• [Task details]:
Every record below must be returned word for word, with the pictures left out.

Web page caption snippets:
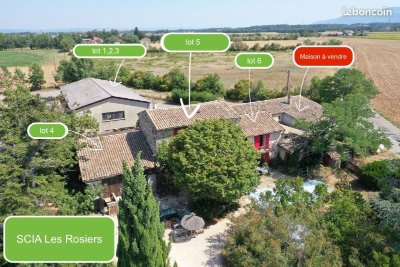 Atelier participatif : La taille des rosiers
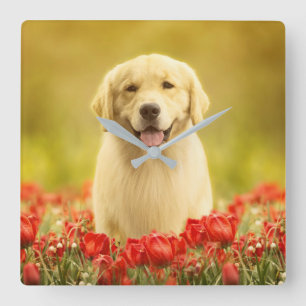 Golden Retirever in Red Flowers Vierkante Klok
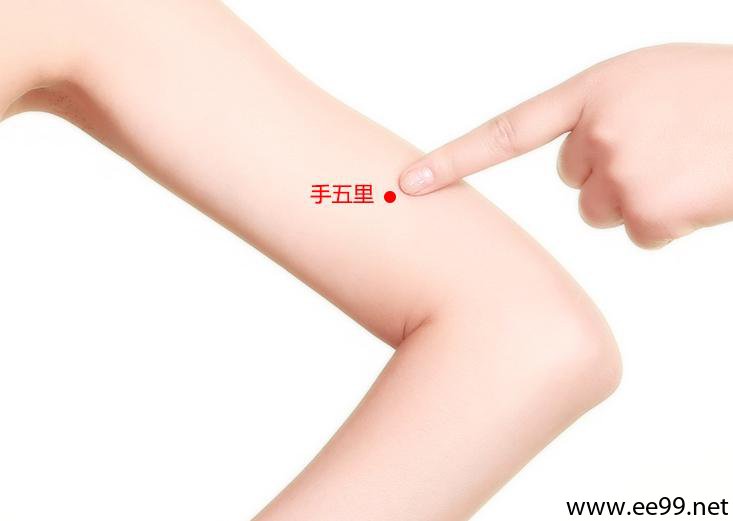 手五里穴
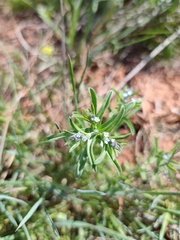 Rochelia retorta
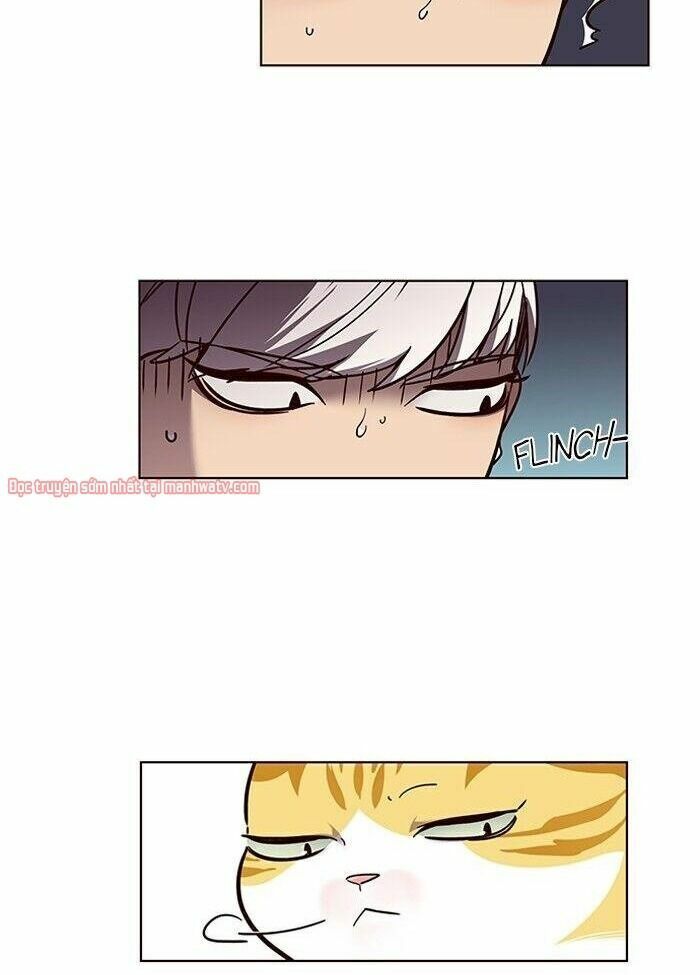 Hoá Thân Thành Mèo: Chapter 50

• [Result]:
 Atelier participatif : La taille des rosiers
 Golden Retirever in Red Flowers Vierkante Klok
 手五里穴
 Rochelia retorta
 Hoá Thân Thành Mèo: Chapter 50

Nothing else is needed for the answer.